Prompt:
Starting at the line that contains "no21-luxury-suites.hotelschalkidiki.net/", transcribe each line exactly through the end of the data below, and skip any pictures.

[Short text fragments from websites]

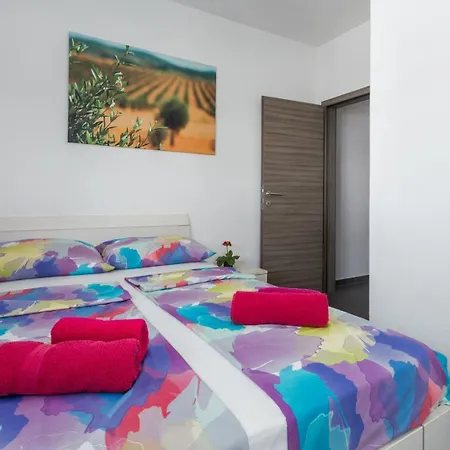 Apartments&studios Affittacamere Valbandon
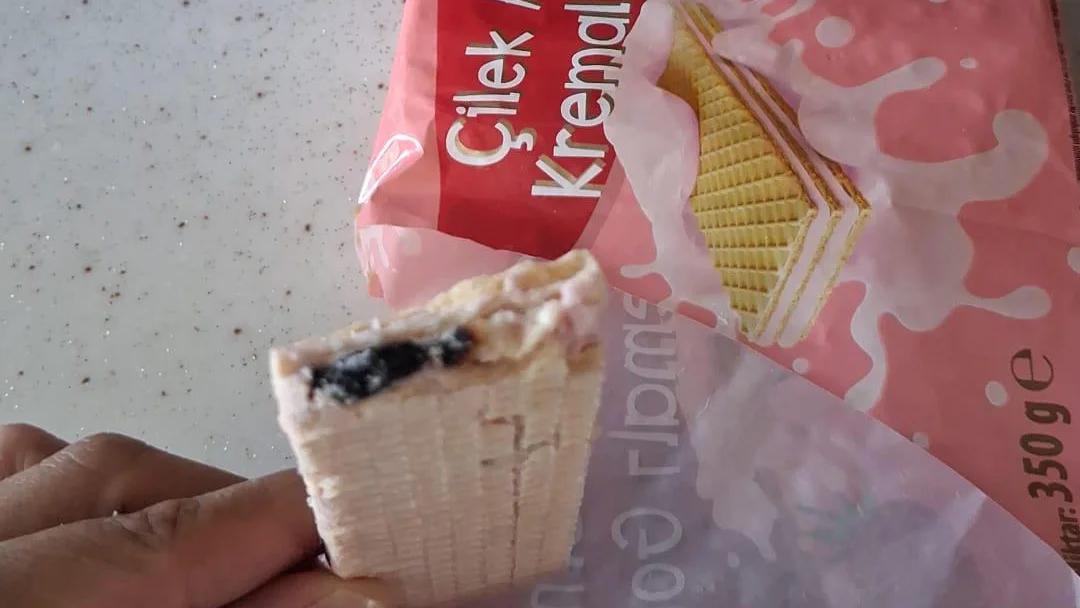 5 Yaşındaki Çocuk Fark Etti: Çilekli Gofretin İçinden Çıkan Yabancı Madde Tepki Topladı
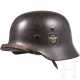 Stahlhelm M 40 der Polizei mit beiden Abzeichen - photo 1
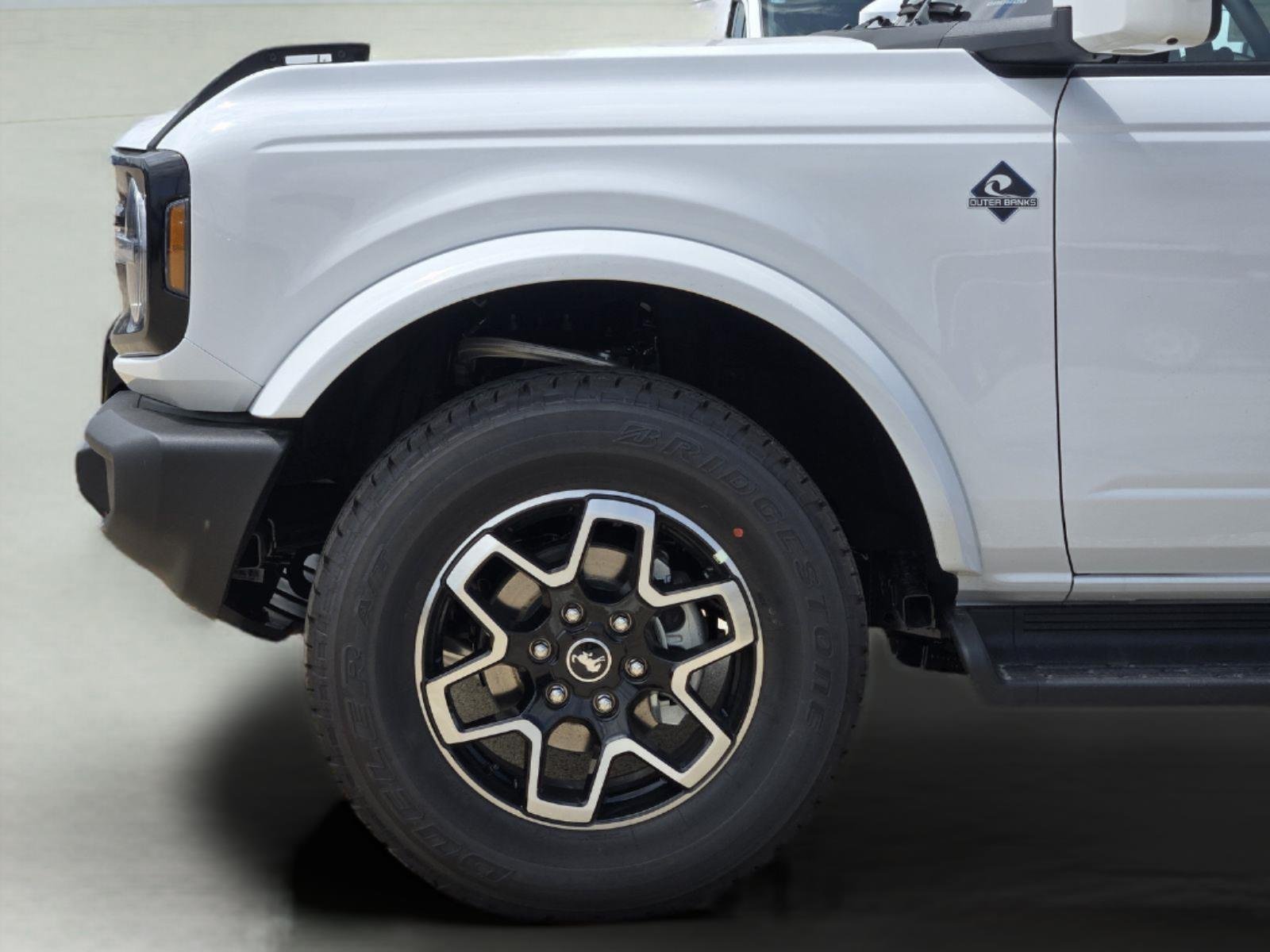 New 2026 Oxford White Ford Outer Banks® image 6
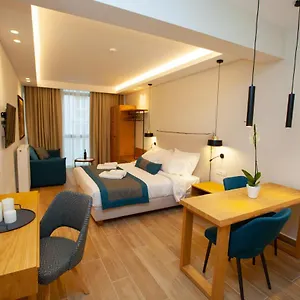 no21-luxury-suites.hotelschalkidiki.net/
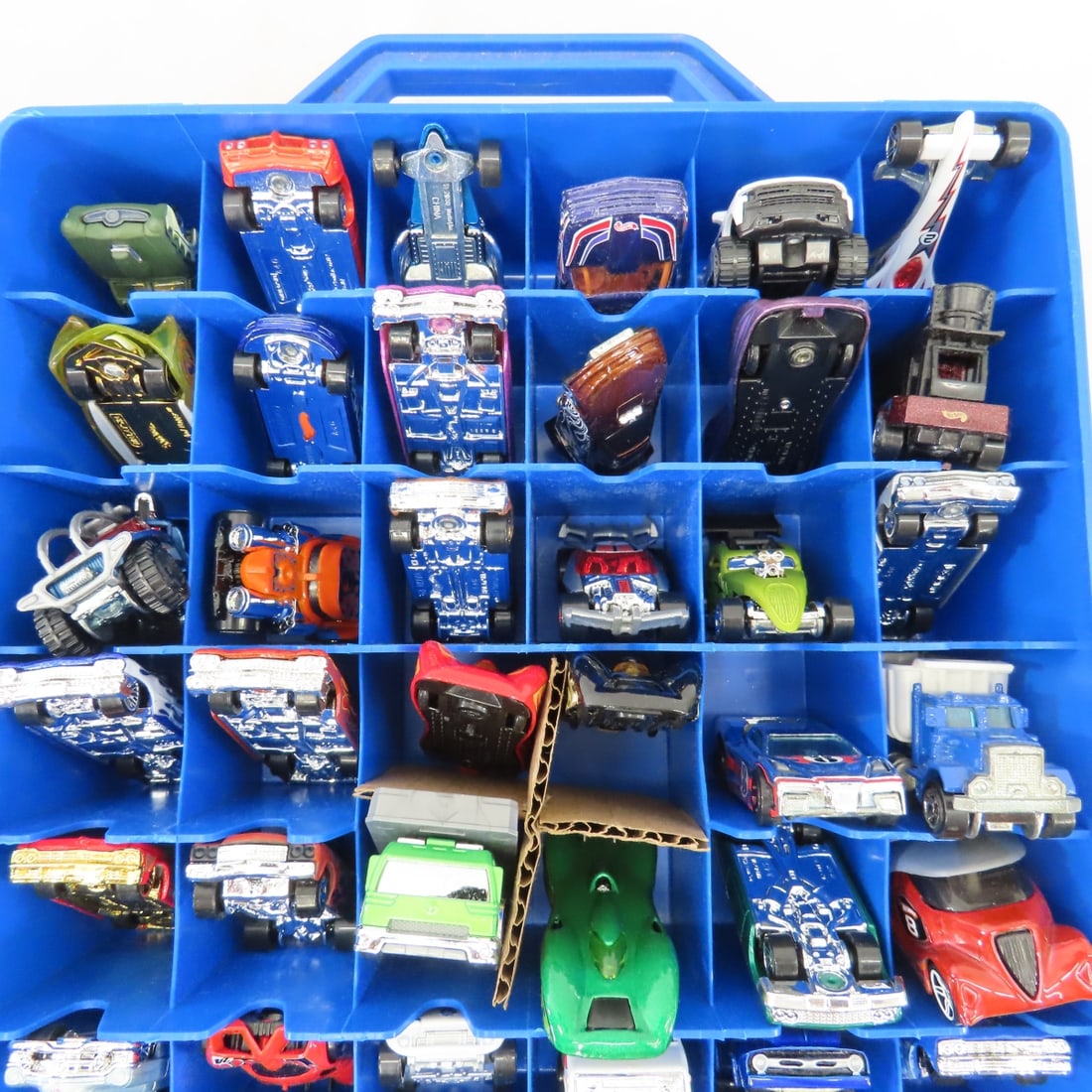 4 Hot Wheels Suitcase cases with 48 cars in each - 4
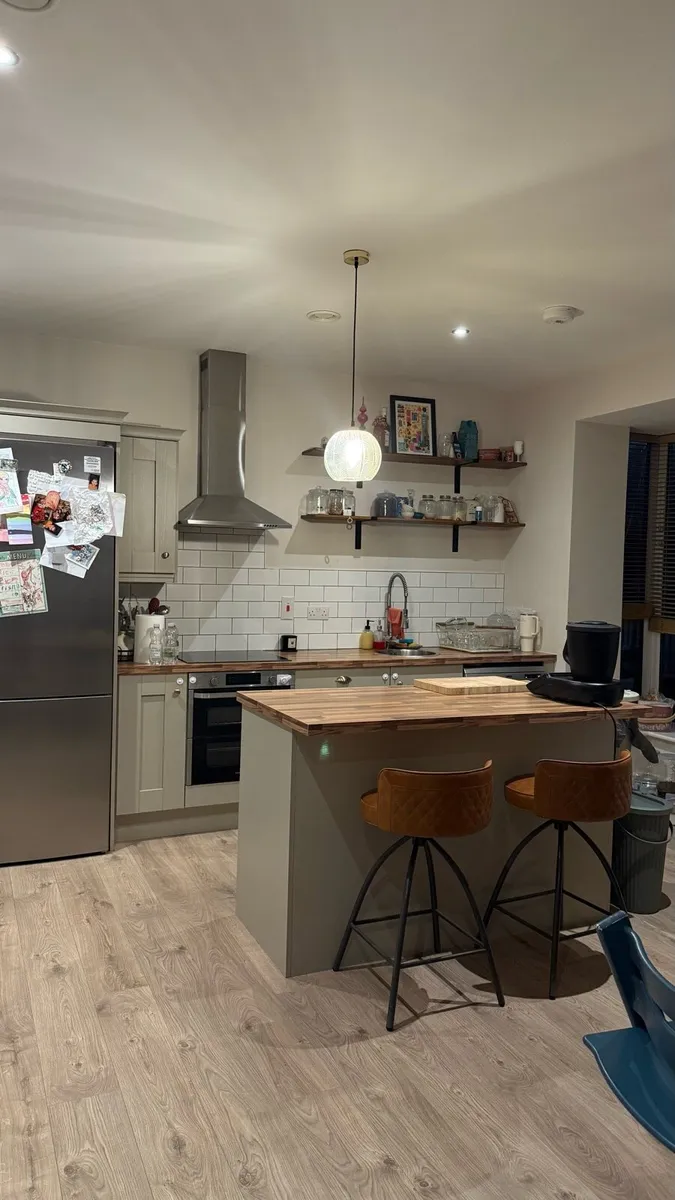 Kitchen with appliances - Image 1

Worked solution:
 no21-luxury-suites.hotelschalkidiki.net/
 4 Hot Wheels Suitcase cases with 48 cars in each - 4
 Kitchen with appliances - Image 1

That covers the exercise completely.